Default all frequencies between 0 and Fs/2
err (error calculation [1 p] - Theoretical error bars; [2 p] - Jackknife error bars
[0 p] or 0 - no error bars) - optional. Default 0.
trialave (average over trials when 1, don't average when 0) - optional. Default 0
Output:
C (magnitude of coherency time x frequencies x trials for trialave=0; time x frequency for trialave=1)
phi (phase of coherency time x frequencies x trials for no trial averaging; time x frequency for trialave=1)
S12 (cross spectrum - time x frequencies x trials for no trial averaging; time x frequency for trialave=1)
S1 (spectrum 1 - time x frequencies x trials for no trial averaging; time x frequency for trialave=1)

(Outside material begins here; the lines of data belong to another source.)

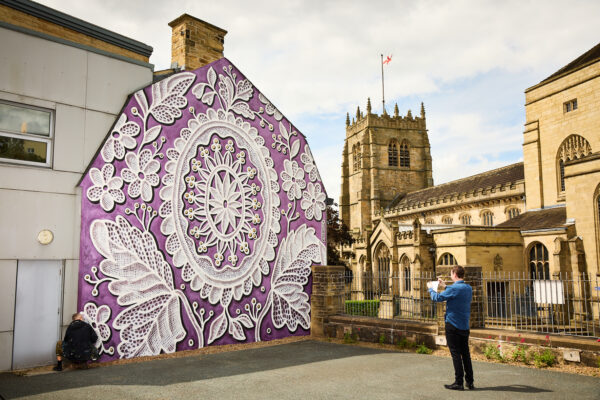 Mural by NeSpoon, with Bradford Cathedral in the background.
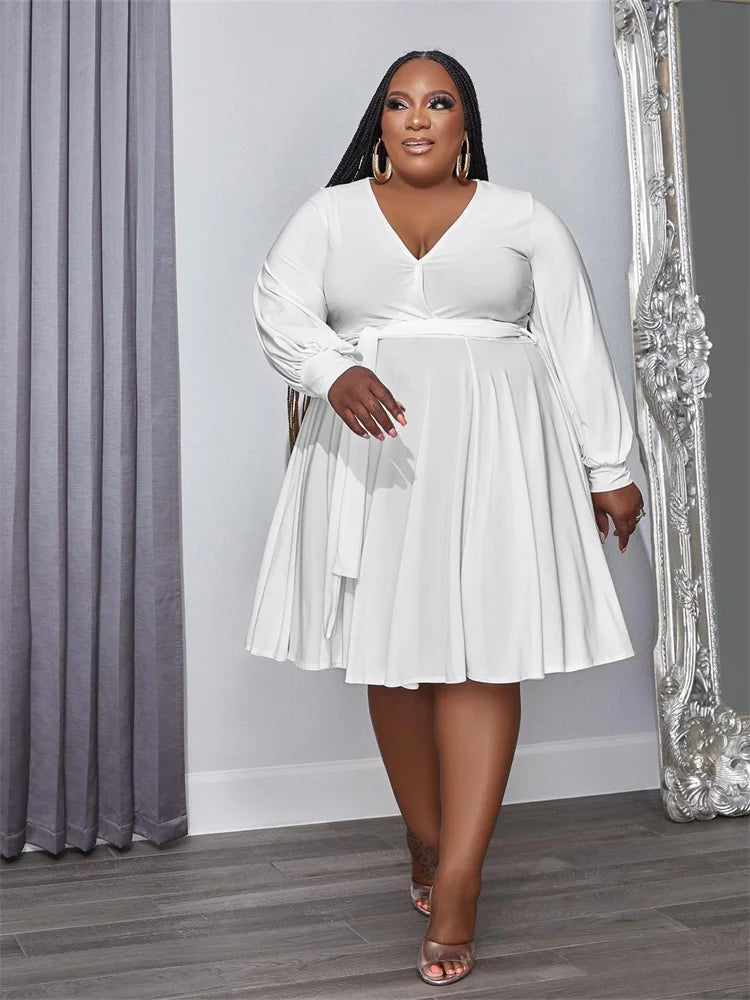 White plus size V-neck long-sleeve dress with pleated A-line skirt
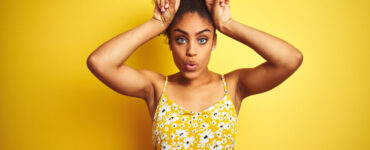 African american woman wearing casual floral dress standing over isolated yellow background doing funny gesture with finger over head as bull horns.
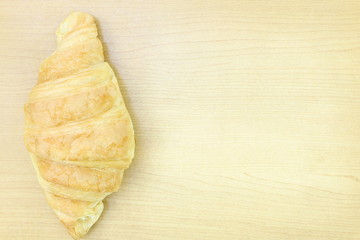 Close up single brown croissant bread on wooden table background have copy space for put text, French bakery style, Top view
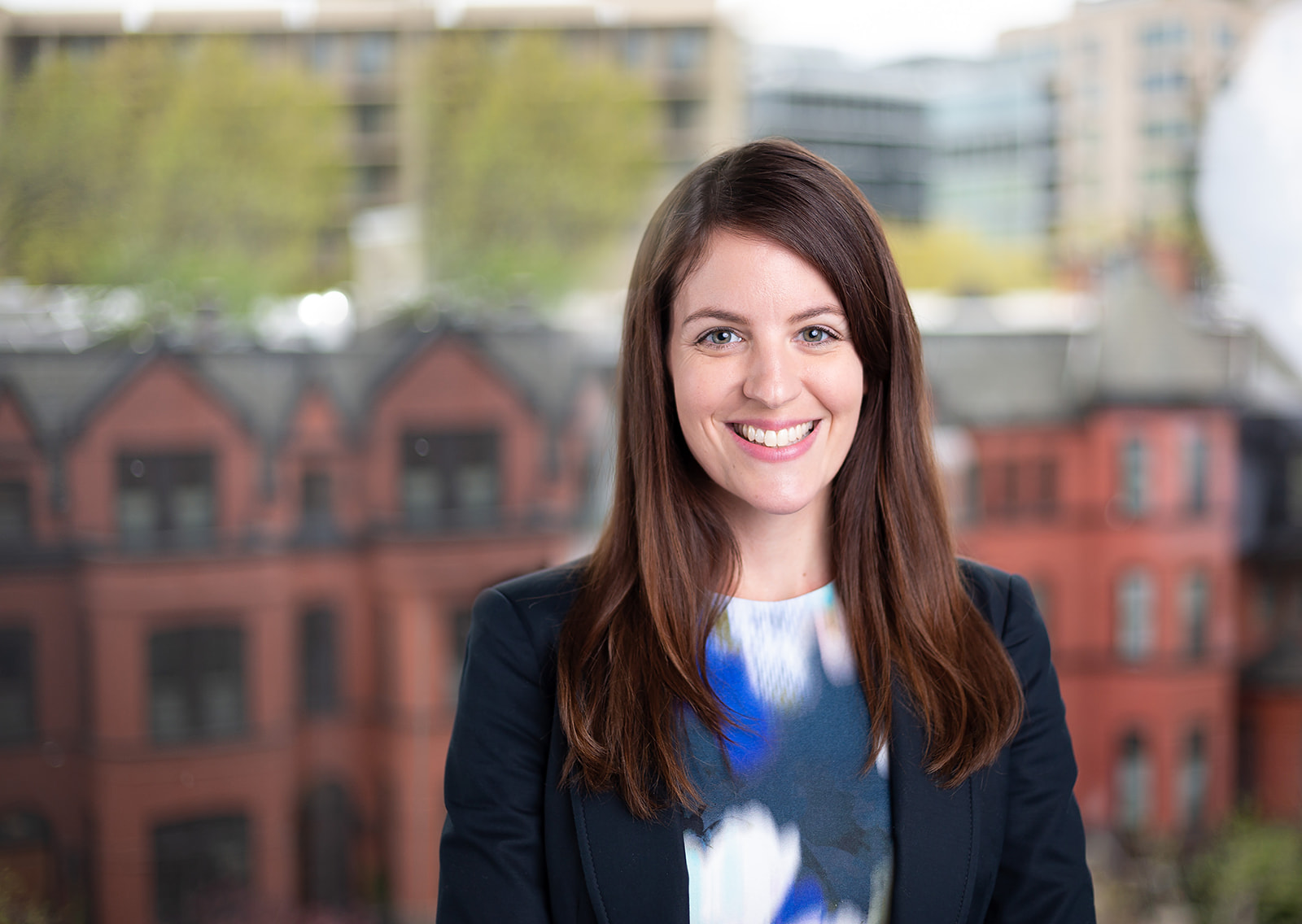 Corporate headshot with cityscape backdrop — environmental portrait
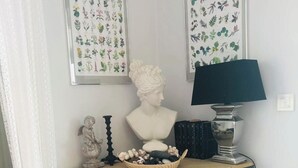 Ett hörnrum med ett mörkgrönt skåp, en byst, en inramad botanisk illustration, en lampa och en liten staty.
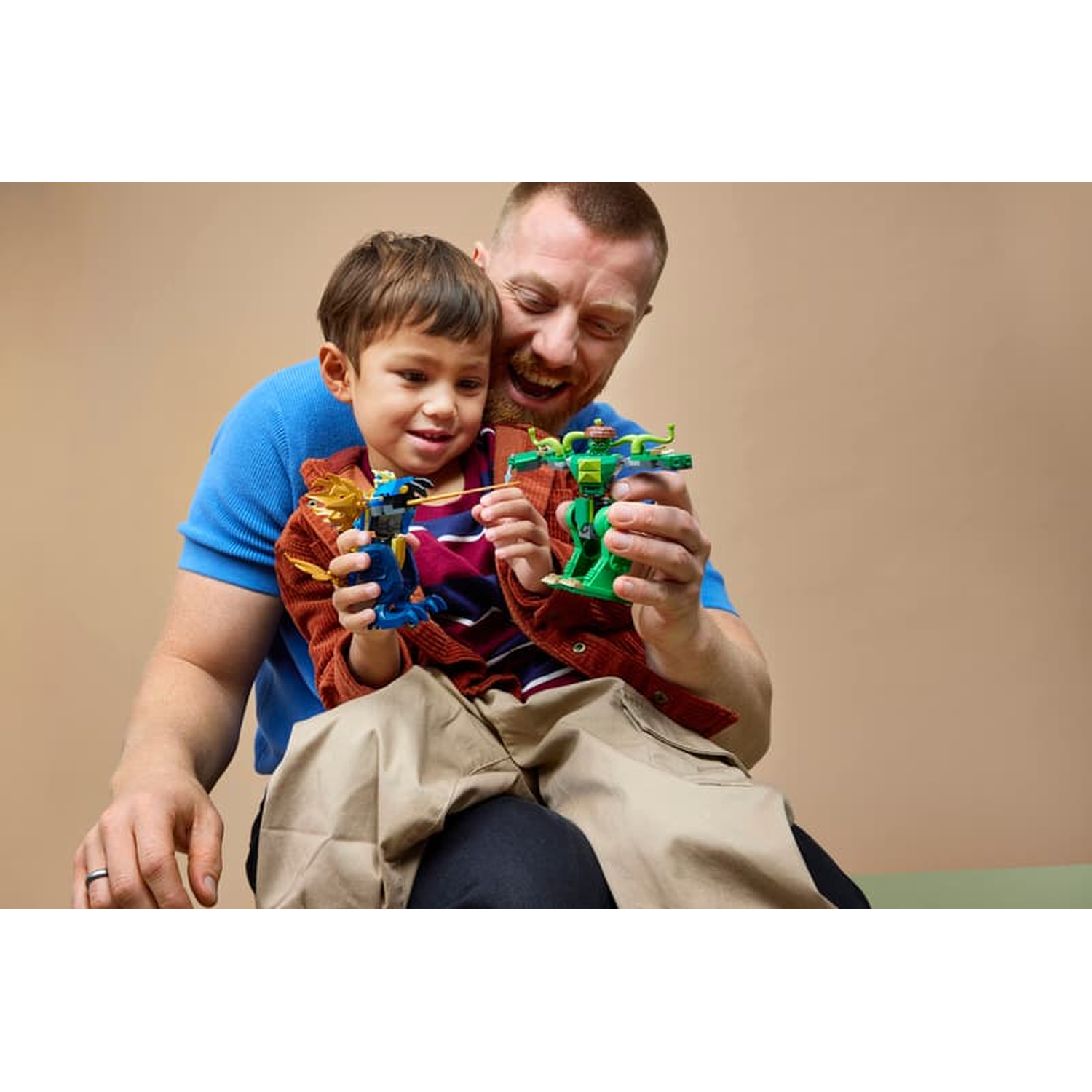 Man and child hold colorful toy robots, smiling.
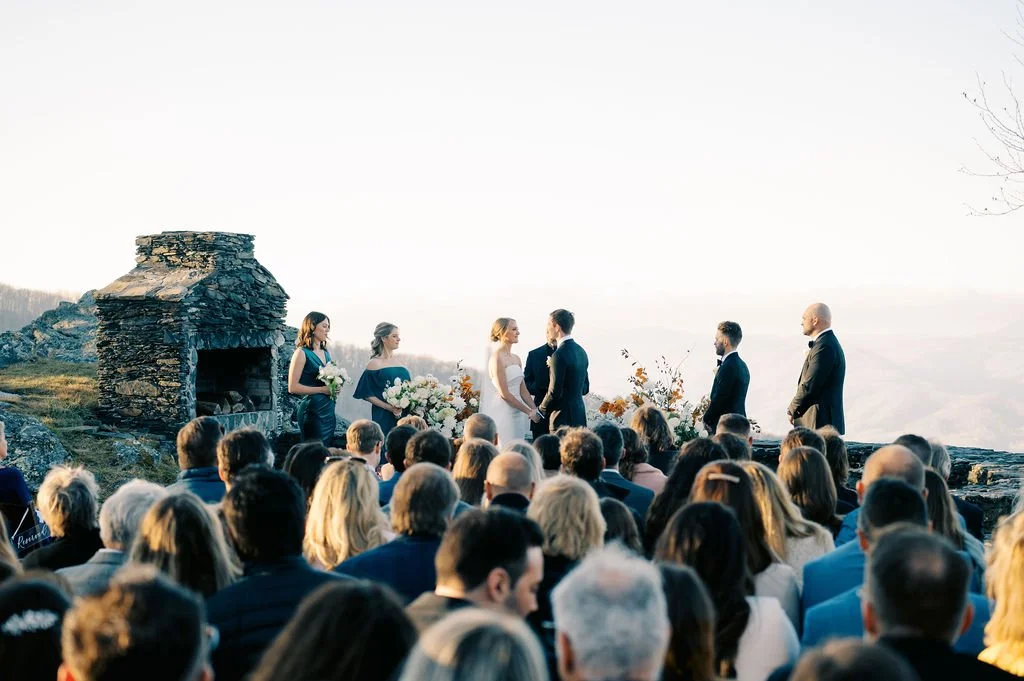 Wide shot of a mountain-top wedding ceremony with guests seated and the couple at the altar near a stone structure.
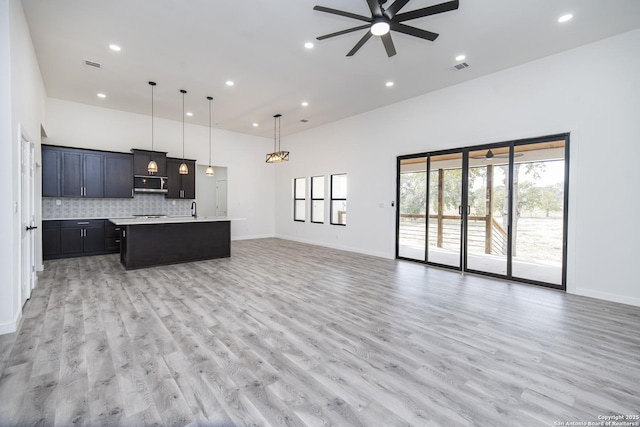 kitchen featuring pendant lighting, decorative backsplash, light hardwood / wood-style floors, ceiling fan, and a center island with sink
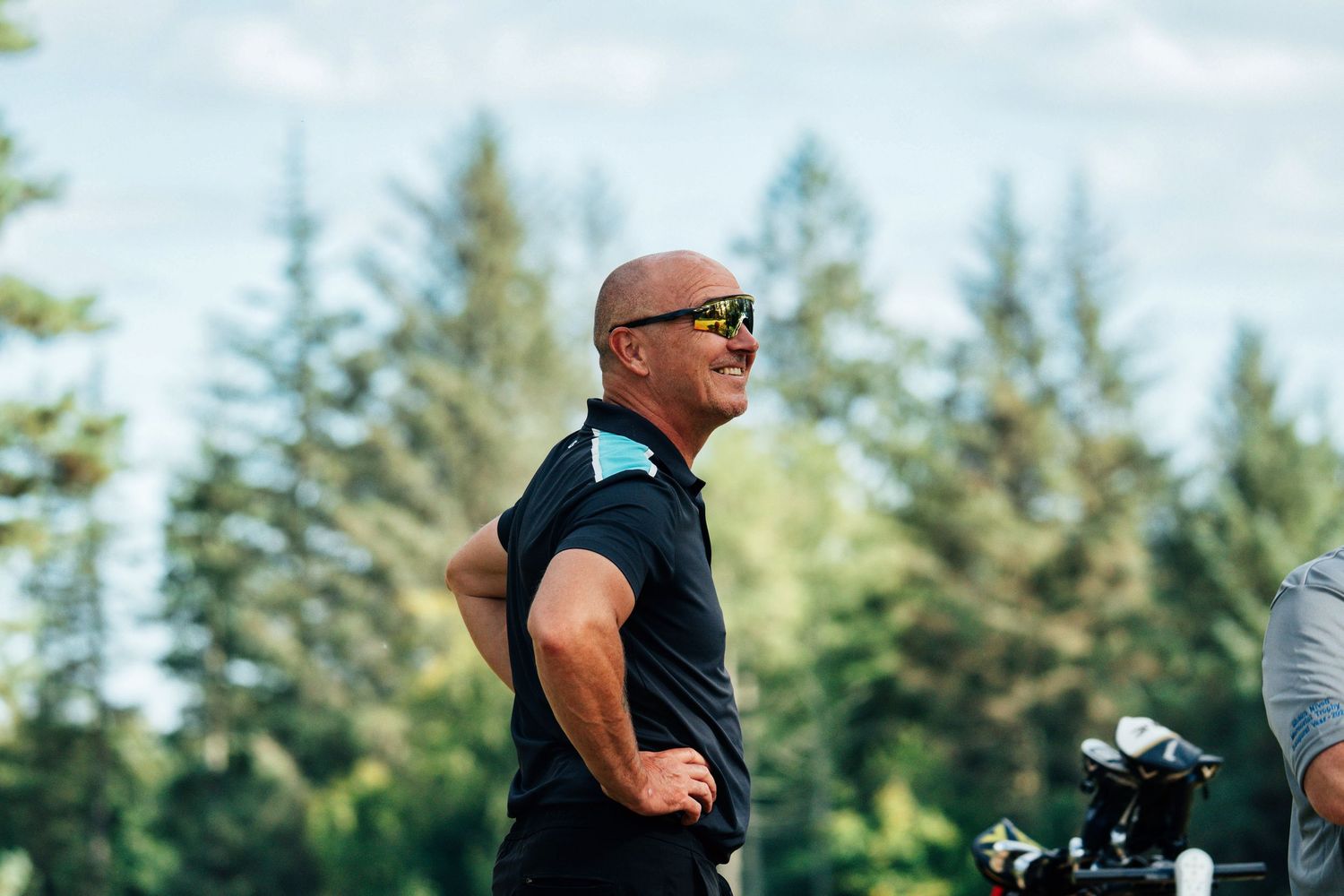 A bald man in sunglasses smiles outdoors with tall pine trees in the background.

S2 (spectrum 2 - time x frequencies x trials for no trial averaging; time x frequency for trialave=1)
t (time)
f (frequencies)
confC (confidence level for C at 1-p %) - only for err(1)>=1
phierr - standard deviation for phi (note that the routine gives phierr as phierr(1,...) and phierr(2,...)
in order to incorporate Jackknife (eventually). Currently phierr(1,...)=phierr(2,...). Note that
phi + 2 phierr(1,...) and phi -2 phierr(2,...) will give 95% confidence bands for phi - only for err(1)>=1
Cerr (Jackknife error bars for C - use only for Jackknife - err(1)=2)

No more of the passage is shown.